Paddy Power: Masters of mischief
With Paddy Power celebrating 30 years of controversial and outlandish marketing stunts with the unveiling of a ‘Museum of Mischief’ in Dublin, EGR Marketing explores the exhibition and learns how the Irish operator plans to go content crazy under the stewardship of marketing director Michelle Spillane


At first you could be forgiven for thinking you’ve just ventured into the underwear section of a Marks and Spencer store. There is underwear everywhere you look – it’s even sprawled across the walls. Only these ‘smalls’ are emblazoned with the logo of Irish bookmaker Paddy Power rather than M&S. I have arrived in Paddy Power’s Museum of Mischief, a temporary erection in the centre of Dublin designed to celebrate 30 years of the operator’s most infamous marketing stunts – of which there are many.

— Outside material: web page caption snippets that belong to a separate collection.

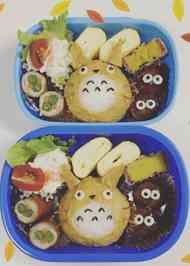 みんなが作ってる キャラ弁 トトロのレシピ クックパッド 簡単おいしいみんなのレシピが340万品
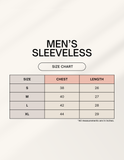 Lost In Orbit - Men's Sleeveless T-Shirt Men's Sleeveless T-Shirt Mango Kulfi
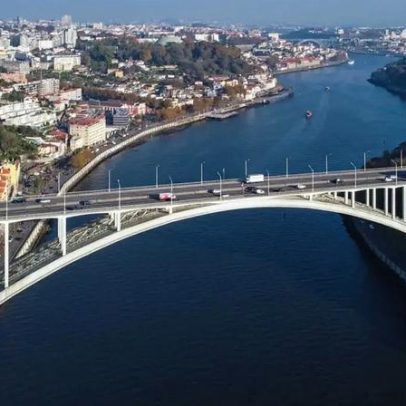 Ponte da Arrábida fica sem duas vias durante julho e agosto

The very first display shows off the pair of emerald-green boxers worn by Danish footballer Nicklas Bendtner. The waistband says Paddy Power and the bookmaker persuaded the former Arsenal target man to reveal them after scoring a goal at Euro 2012. It was Bendtner’s second goal during the match and, by all accounts, the Paddy Power marketing department was convinced he’d gotten cold feet when he bottled the pant-bearing celebration after his first. However, he plucked up the courage after netting his second, only to be banned for one game by UEFA and fined £80,000.

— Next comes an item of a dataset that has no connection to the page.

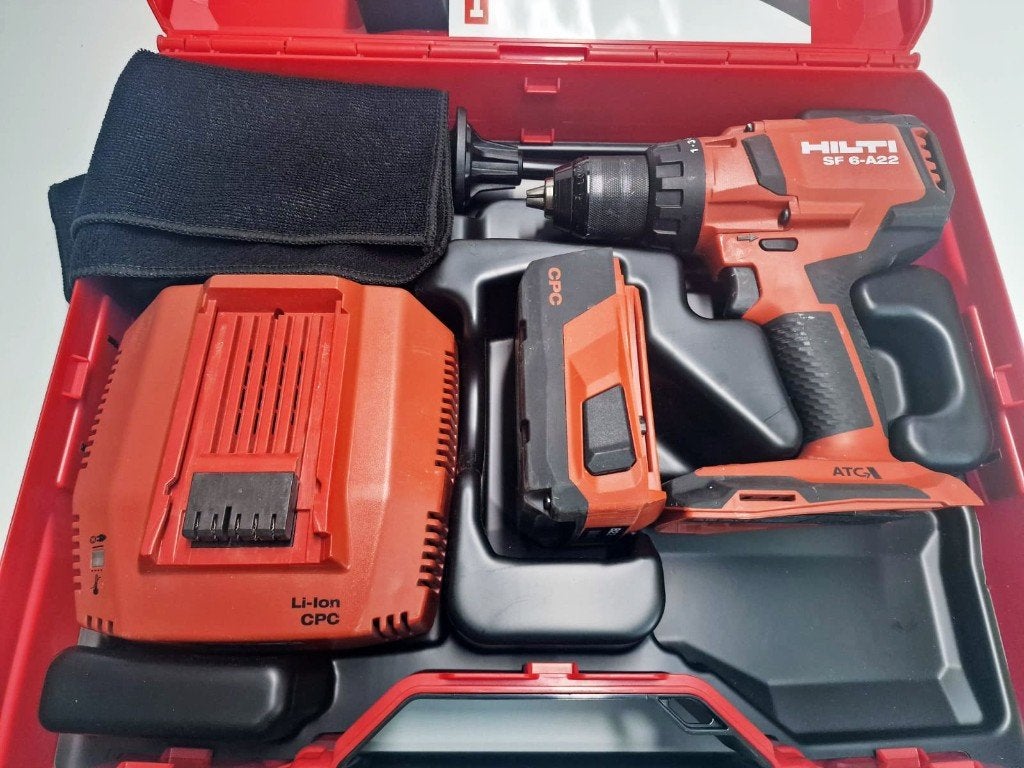 HILTI SF 6-A22 schroefmachine. Nieuw!, Enlèvement ou Envoi, Comme neuf, Foreuse et Perceuse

It was 2017 when the Paddy Power pants undoubtedly peaked. The operator somehow managed to convince boxing legend Floyd Mayweather to don the briefs at his weigh-in before the clash with Irish MMA star Conor McGregor, that many had called the fight of the century. Mayweather’s boxers were custom-made and reportedly cost £6,000. According to Paddy Power, the boxing champ was involved in the design process and rejected many prototypes, but he was eventually persuaded after learning how much they cost.
“We ended up flying out to Las Vegas to meet him in one of his strip clubs,” says Paddy Power, the affable Irishman who has been face of the brand for more than 15 years. “We showed him the pants and he just said, ‘Okay’. We couldn’t believe it. The pants have been the gift that keeps on giving. It is amazing what a pair of underpants can do,” he adds.
Lace relations
As we continue the tour of the museum, which is still very much under construction prior to its grand opening, we are confronted by a display cabinet housing the operator’s rainbow laces initiative which sparked into life before the 2013-14 football season. The campaign involved Paddy Power sending a pair of rainbow-coloured football boot laces to every professional player in England.

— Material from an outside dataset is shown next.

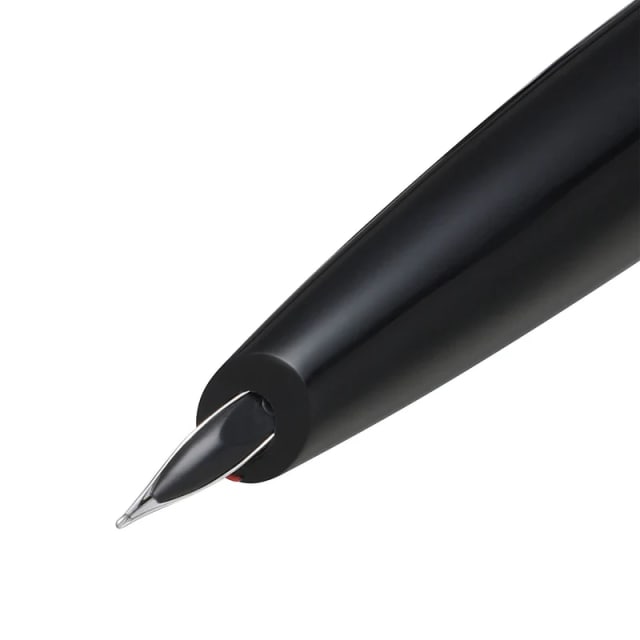 Sheaffer® ICON 9108 Matte Black Fountain Pen With Gloss Black trim - Medium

Paddy Power on exhibition at the Museum of Mischief in Dublin
The idea behind the provocative stunt, created in collaboration with LGBT charity Stonewall UK, was to highlight the lack of gay professional footballers and to spark debate on the terraces about inclusivity and diversity. “We wanted to tap in to those people that watch the Premier League but have the same attitude as your grandad where they just hate everything that is modern,” says Power. “It was also to challenge the perception that footballers are hard and definitely not gay. It is a statistical anomaly that there are no gay footballers – it is mathematically impossible.”
The operator also partnered with Arsenal FC on the campaign, and Gunners stars, including French fop Olivier Giroud, fronted a glossy video that caught fire online. “It was brilliant – we got so much traction,” says Power. “It all kicked off because it was done in a provocative way as it was aimed at not just the community that would be fully supportive of diversity, but also targeting the average football fan on the terraces in England.”
Away from the pants, this is the key to Paddy Power’s marketing strategy. Michelle Spillane, marketing and brand director, sums it up perfectly when she says: “The point of us and the thing that we do well is find that universal truth that appeals to fans and then dramatise it into massive fun for a really good cause. It’s not in too-worthy a way either, it is more for a bit of craic so that it feels real.”
The success of the rainbow laces campaign snowballed into Paddy Power’s primary marketing initiative for the 2018 World Cup in Russia. To poke fun at Russian President Vladimir Putin and highlight the country’s anti-homosexual policies, the operator donated £10,000 to the Attitude Foundation for every goal scored by the Russian national team.
The traders crunched the numbers and told the marketing department that they should expect to pay out £50,000 on the promotion, which was signed off by Spillane. Cut to the opening match, a 5-0 thrashing over Saudi Arabia, and Paddy Power was already heavily out of pocket, but the campaign really took off as a result. Russia went on to score 11 goals, but it was a price worth paying for the brand positivity.
Polarising opinions
While the Attitude stunt brought about nothing but positive headlines, Paddy Power had another trick up its sleeve for the 2018 World Cup that would prove far more divisive. Paul Mallon, the brand’s head of mischief, or head of brand activations to give him his official title, came up with the outlandish idea of spraying an endangered polar bear with the red flag of St George in a show of support for England.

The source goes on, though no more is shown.